**EXERCISE BRIEF**
Your task is to restate word for word the lines in the material below, from the one with "Switch Alcatel-Lucent Omniswitch" up to and including the one with "Connecteur FPC Apple". Do not carry over the pictures.

·····

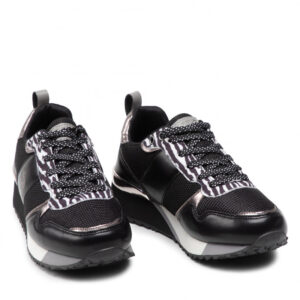 U.s. Polo Assn. Women Frida001a Sneaker Shoes
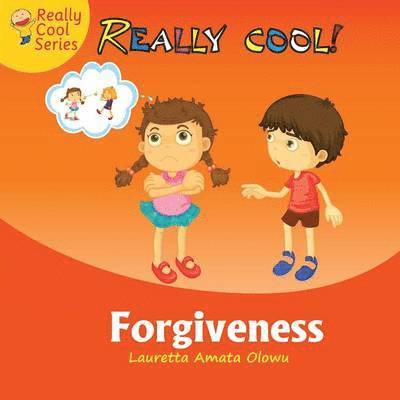 Forgiveness 1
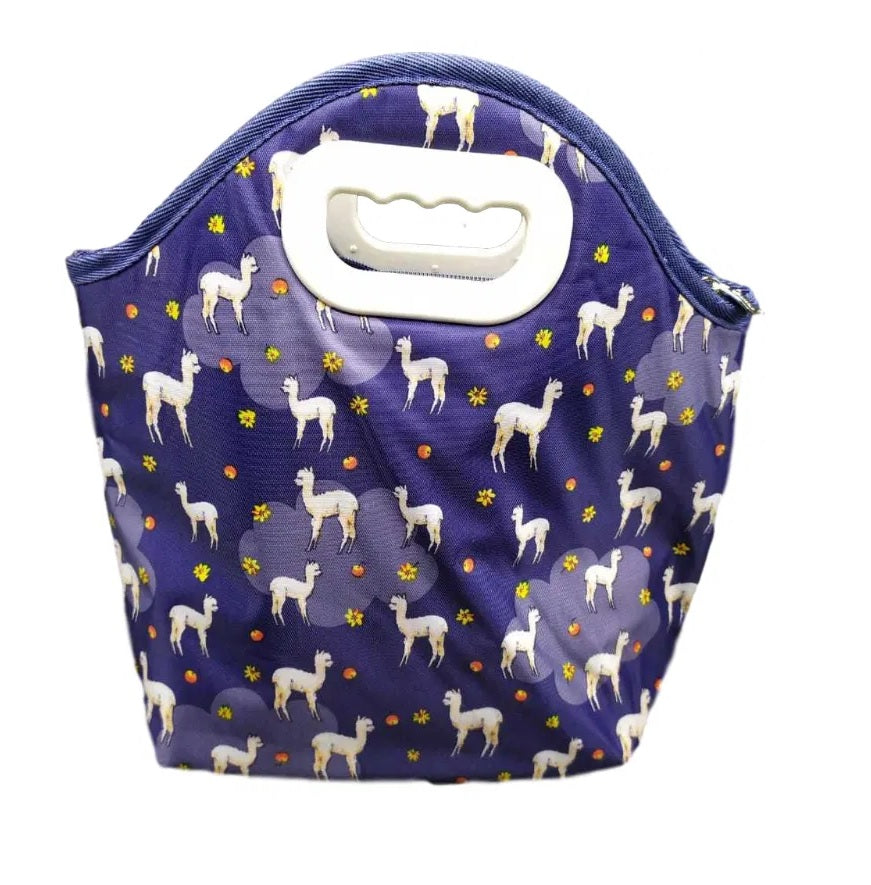 Insulated Lunch Bag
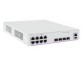 Switch Alcatel-Lucent Omniswitch OS6360-P10, bộ chuyển mạch 8 cổng PoE+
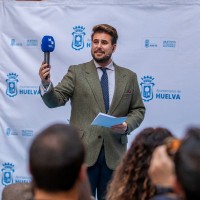 HUELVA TV Employee Pepelu Bonaño's profile photo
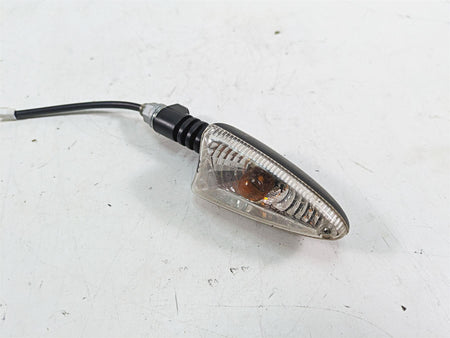 2020 KTM 1290 Super Adventure R Left Front Blinker Turn Signal -Read 78114025000 {{ shop.shopifyCountryName }} - Mototech271
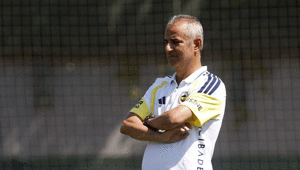Fenerbahçede İsmail Kartal, Sturm Graz maçı kadrosuna karar verdi
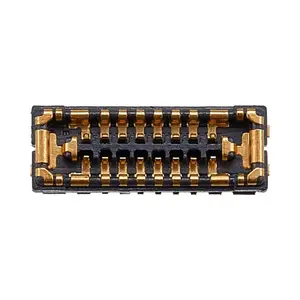 Connecteur FPC Apple iPhone 16 Pro/iPhone 16 Pro Max Nappe Power 12 Pins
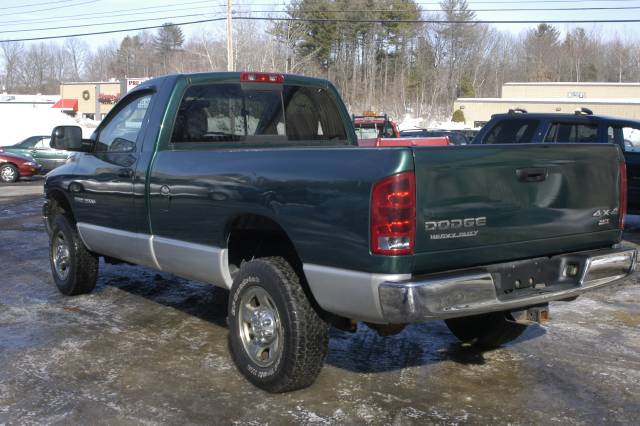 2003 Dodge Ram Pickup Sport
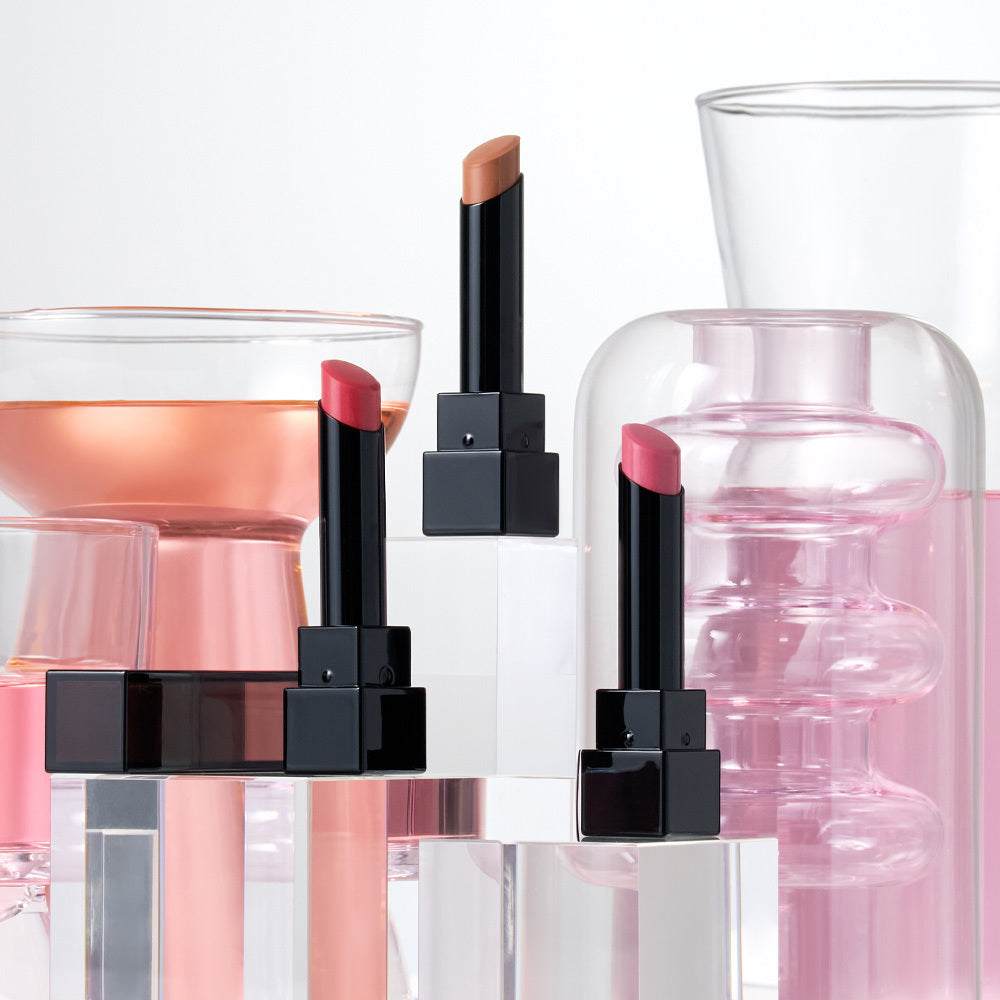 [kate] Kate Lip Monster Clear Tone Lip Balm 3g 3 types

·····

**SOLVED EXERCISE**
 Switch Alcatel-Lucent Omniswitch OS6360-P10, bộ chuyển mạch 8 cổng PoE+
 HUELVA TV Employee Pepelu Bonaño's profile photo
 2020 KTM 1290 Super Adventure R Left Front Blinker Turn Signal -Read 78114025000 {{ shop.shopifyCountryName }} - Mototech271
Fenerbahçede İsmail Kartal, Sturm Graz maçı kadrosuna karar verdi
 Connecteur FPC Apple iPhone 16 Pro/iPhone 16 Pro Max Nappe Power 12 Pins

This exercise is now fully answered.